-------- INPUT

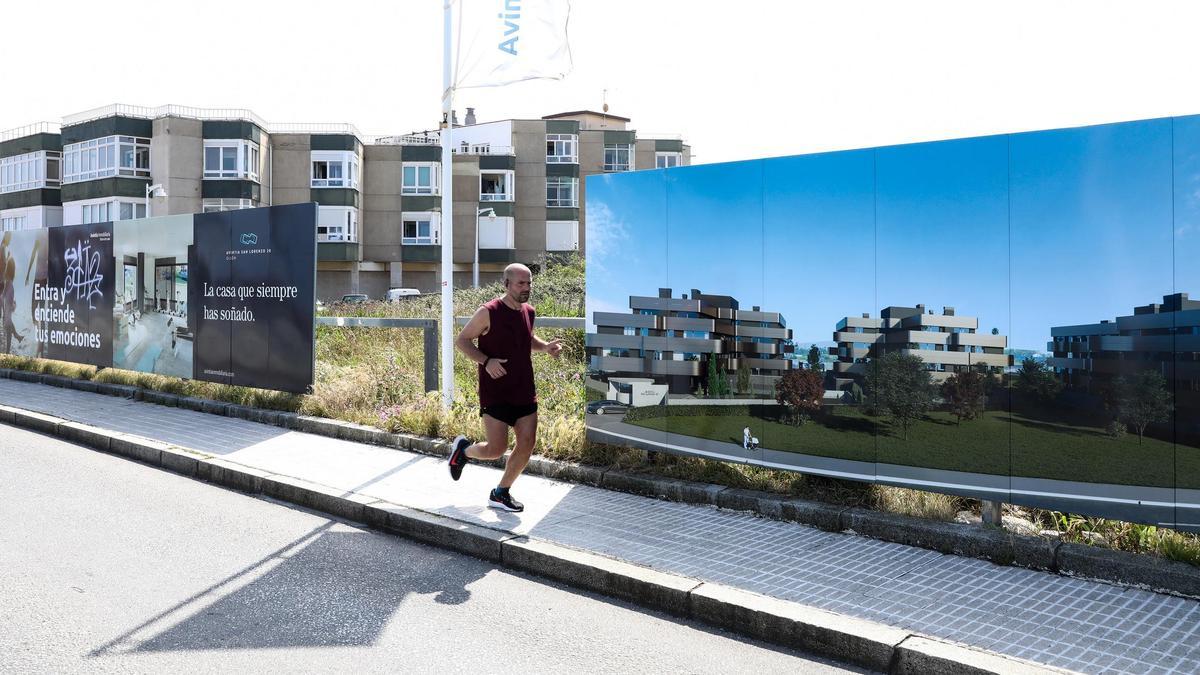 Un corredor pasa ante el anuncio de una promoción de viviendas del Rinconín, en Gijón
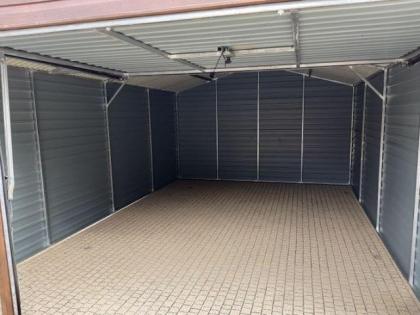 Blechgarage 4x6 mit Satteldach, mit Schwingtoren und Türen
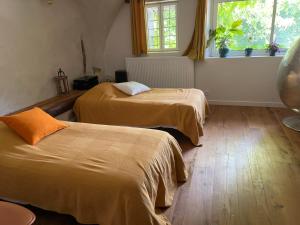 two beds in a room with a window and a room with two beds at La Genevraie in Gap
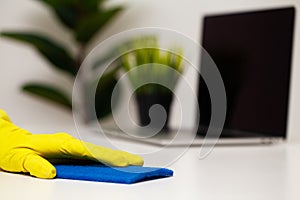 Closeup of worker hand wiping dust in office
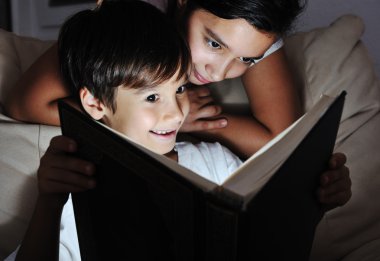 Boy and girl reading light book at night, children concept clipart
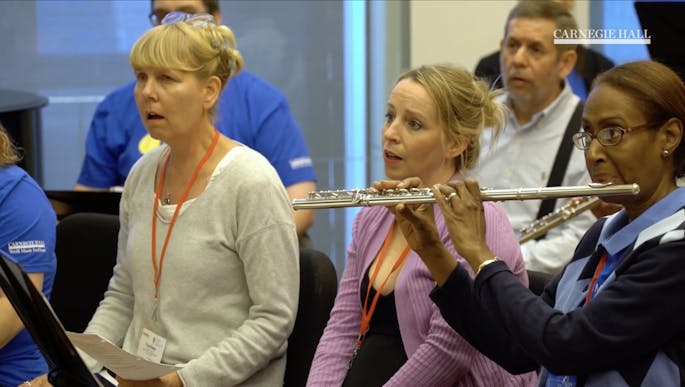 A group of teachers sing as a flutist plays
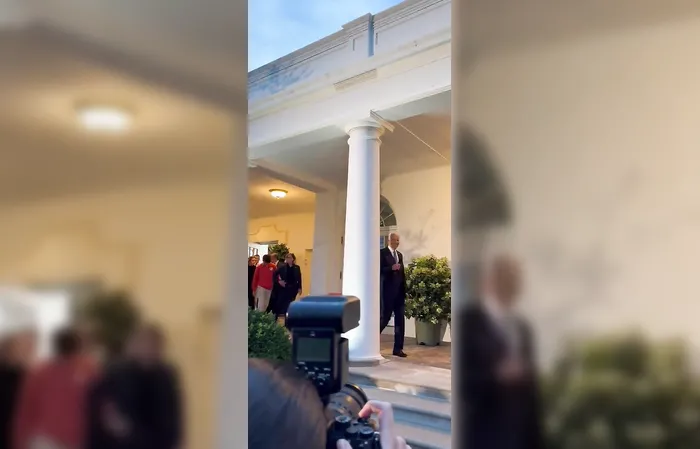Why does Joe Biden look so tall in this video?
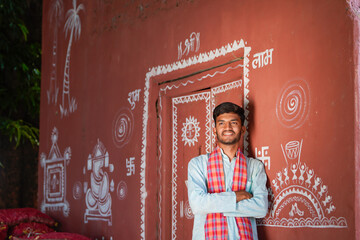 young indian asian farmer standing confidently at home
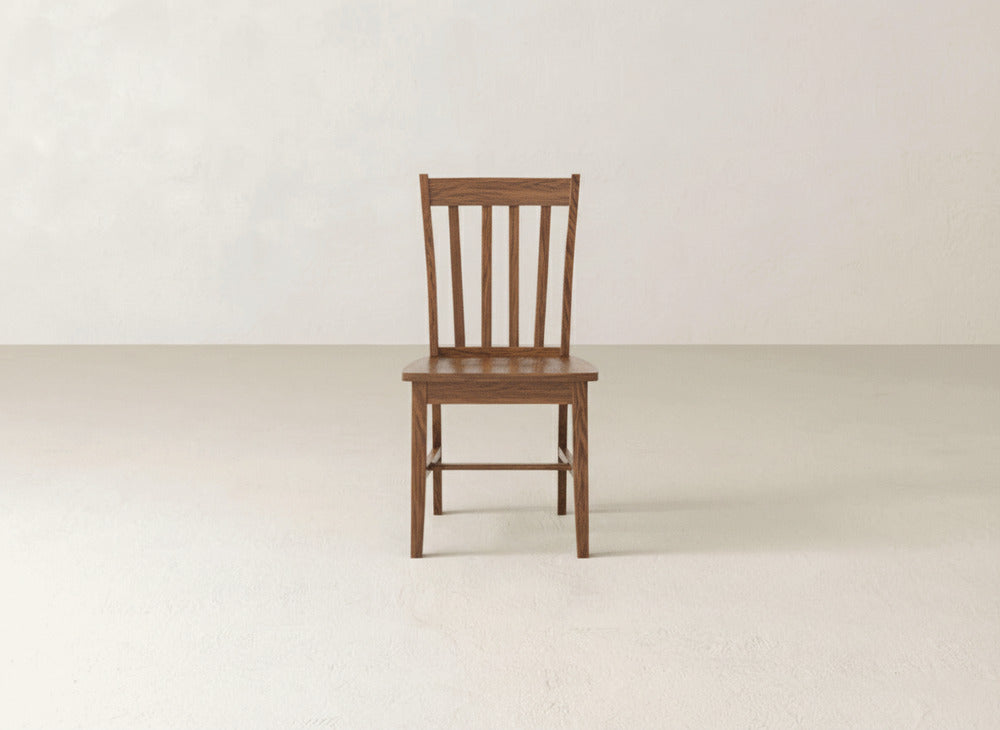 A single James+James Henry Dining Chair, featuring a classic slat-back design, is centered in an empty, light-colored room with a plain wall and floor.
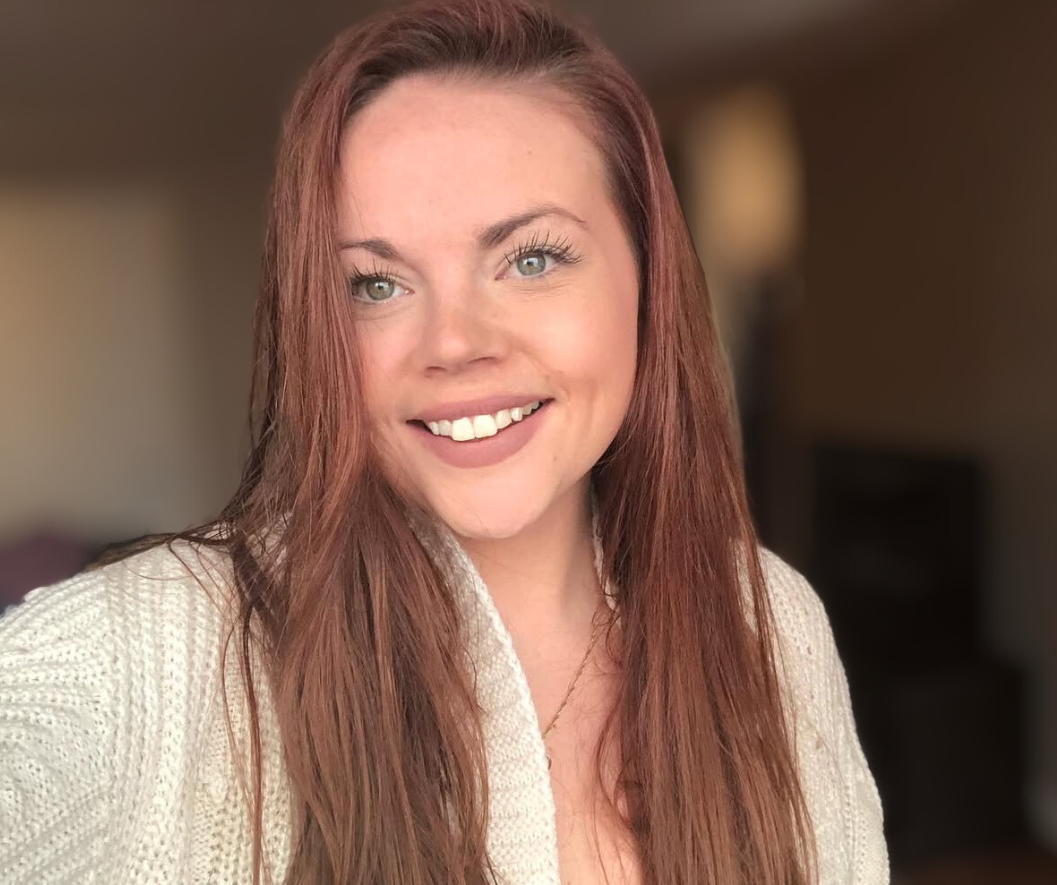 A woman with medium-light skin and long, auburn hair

----------------

TASK OBJECTIVE
Exactly the lines from the one with "two beds in" through the end of the entries above must be written out, and no pictures may be included.

RESPONSE FOR THIS EXERCISE
 two beds in a room with a window and a room with two beds at La Genevraie in Gap
 Closeup of worker hand wiping dust in office
 Boy and girl reading light book at night, children concept clipart
 A group of teachers sing as a flutist plays
Why does Joe Biden look so tall in this video?
 young indian asian farmer standing confidently at home
 A single James+James Henry Dining Chair, featuring a classic slat-back design, is centered in an empty, light-colored room with a plain wall and floor.
 A woman with medium-light skin and long, auburn hair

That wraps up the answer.